> _Exercise directions_
Leave the pictures out, and transcribe the material below exactly from the line with "Standard Room, 2" to the line with "استراحة بألعاب أطفال ومجالس", both lines included.

> _Provided records_
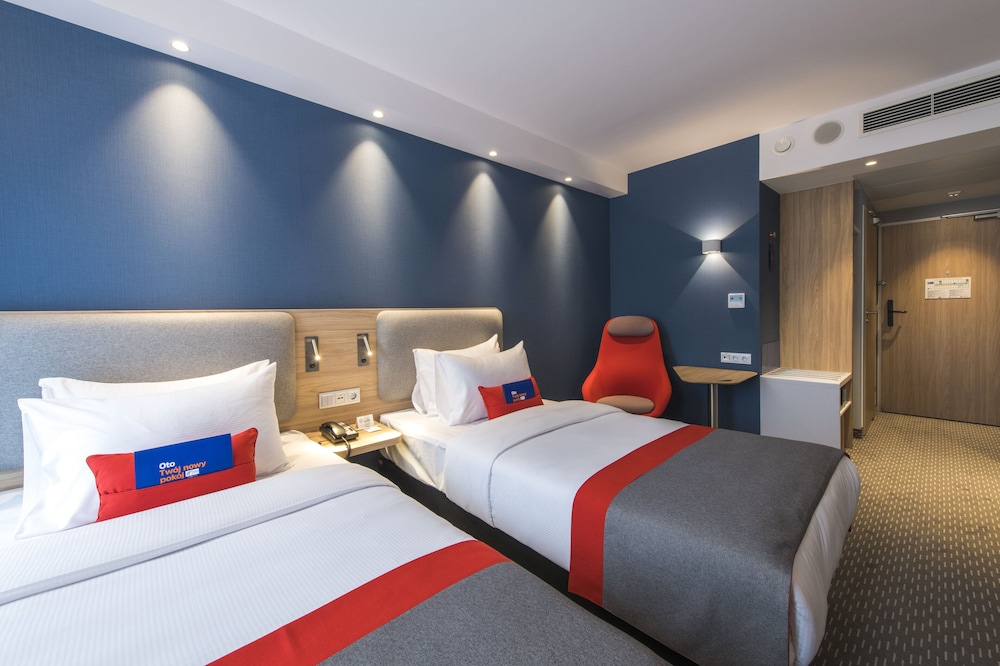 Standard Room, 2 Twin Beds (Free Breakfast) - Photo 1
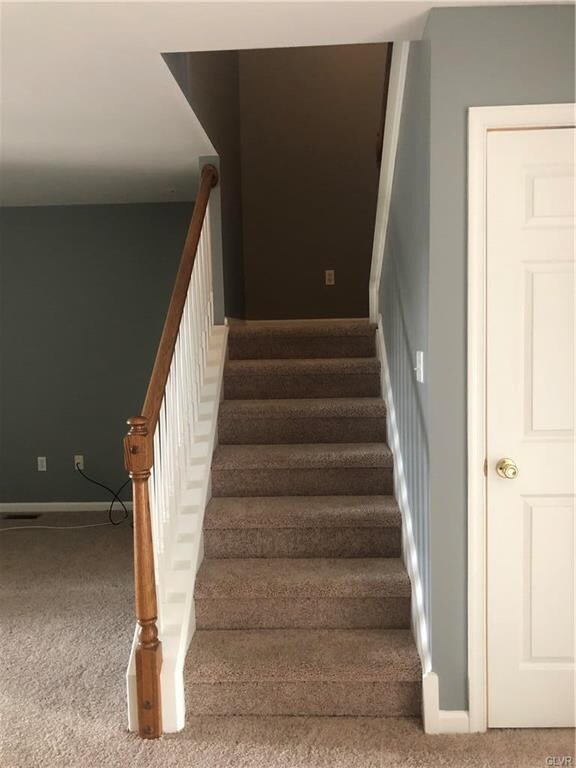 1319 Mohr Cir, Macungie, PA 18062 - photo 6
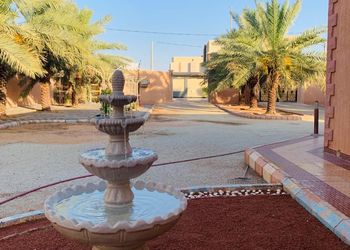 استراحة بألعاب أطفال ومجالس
==
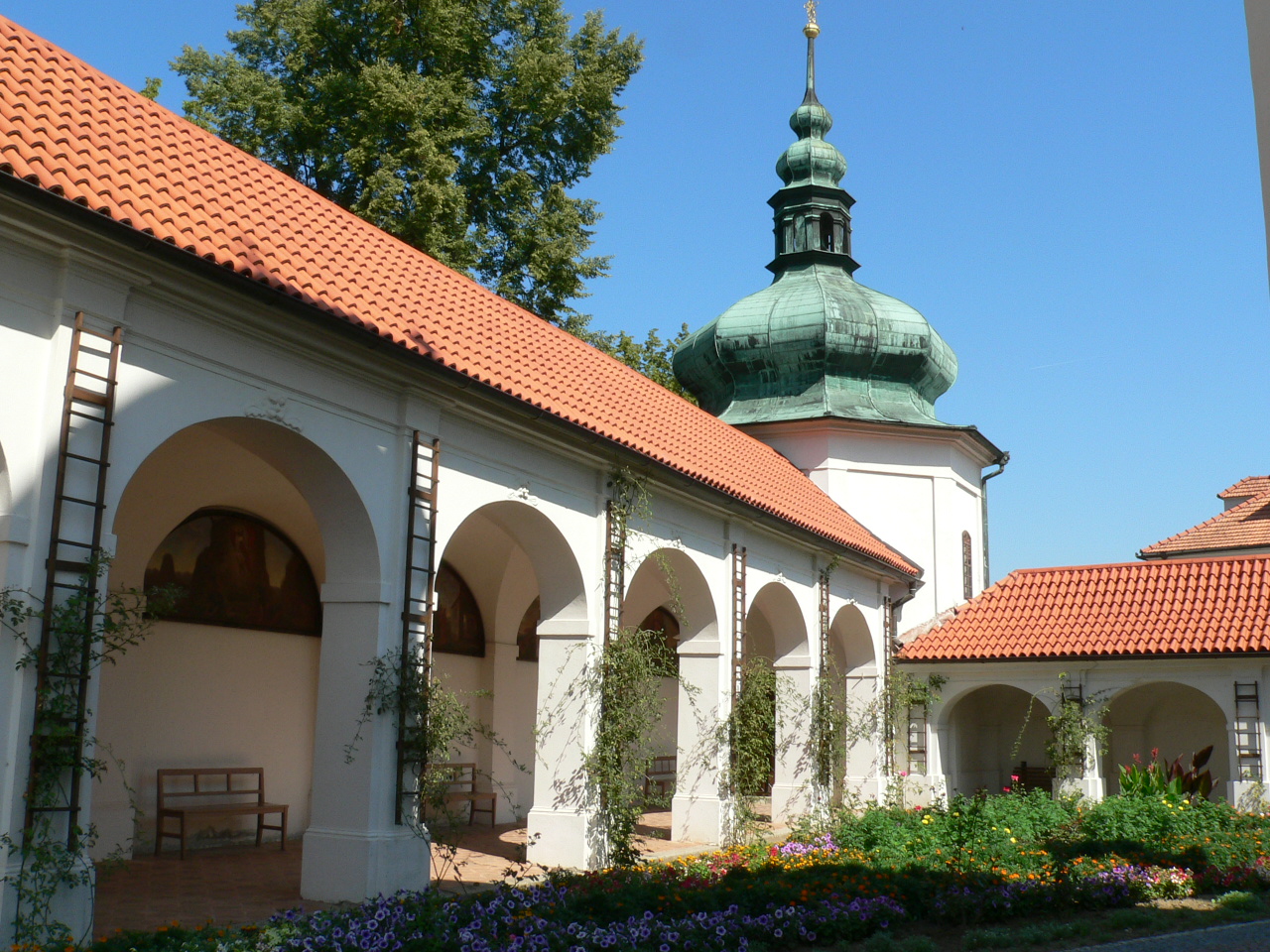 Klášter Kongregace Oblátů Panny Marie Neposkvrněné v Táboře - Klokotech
--
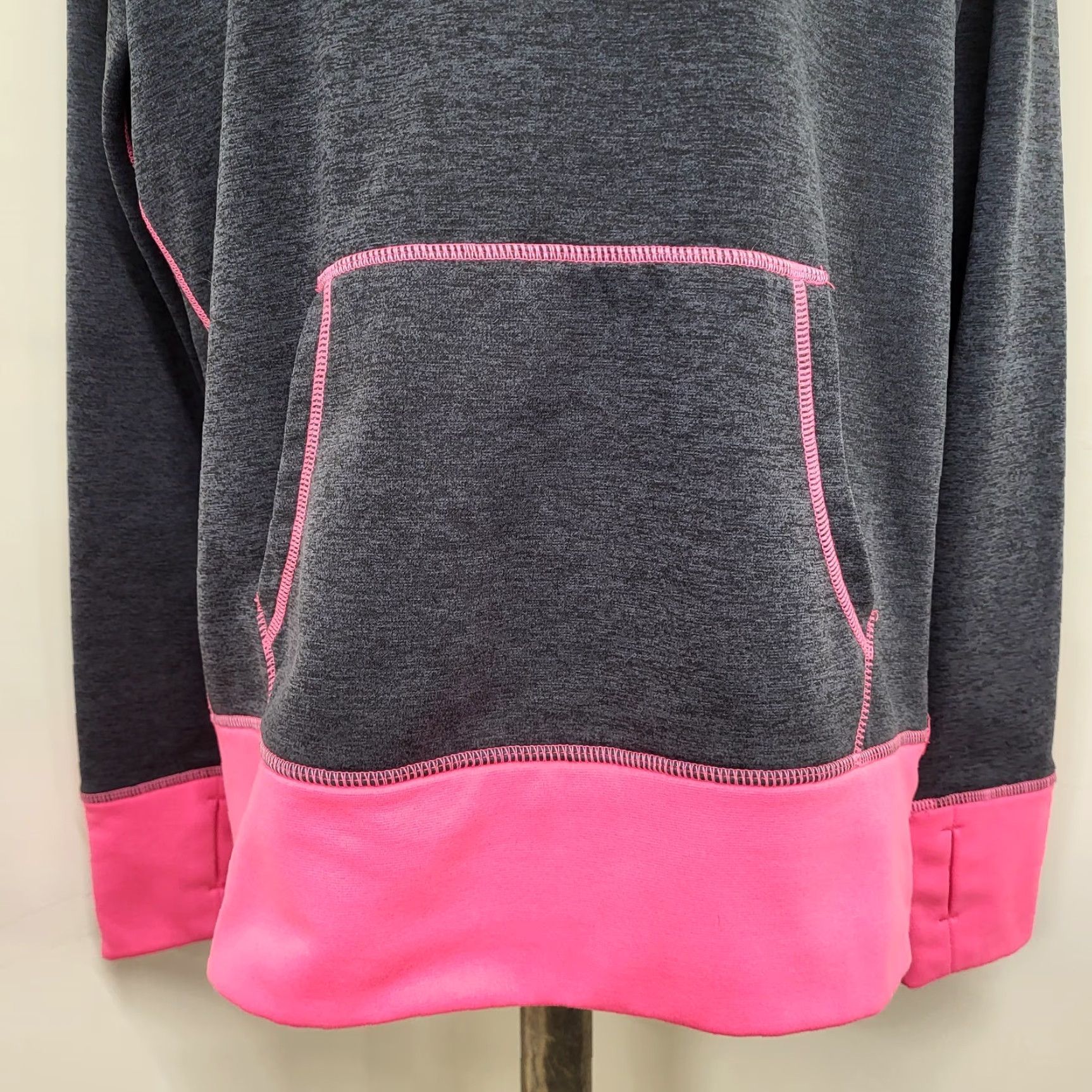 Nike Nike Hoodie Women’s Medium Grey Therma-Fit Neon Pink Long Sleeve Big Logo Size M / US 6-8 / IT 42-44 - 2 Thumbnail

> _Response to the exercise_
 Standard Room, 2 Twin Beds (Free Breakfast) - Photo 1
 1319 Mohr Cir, Macungie, PA 18062 - photo 6
 استراحة بألعاب أطفال ومجالس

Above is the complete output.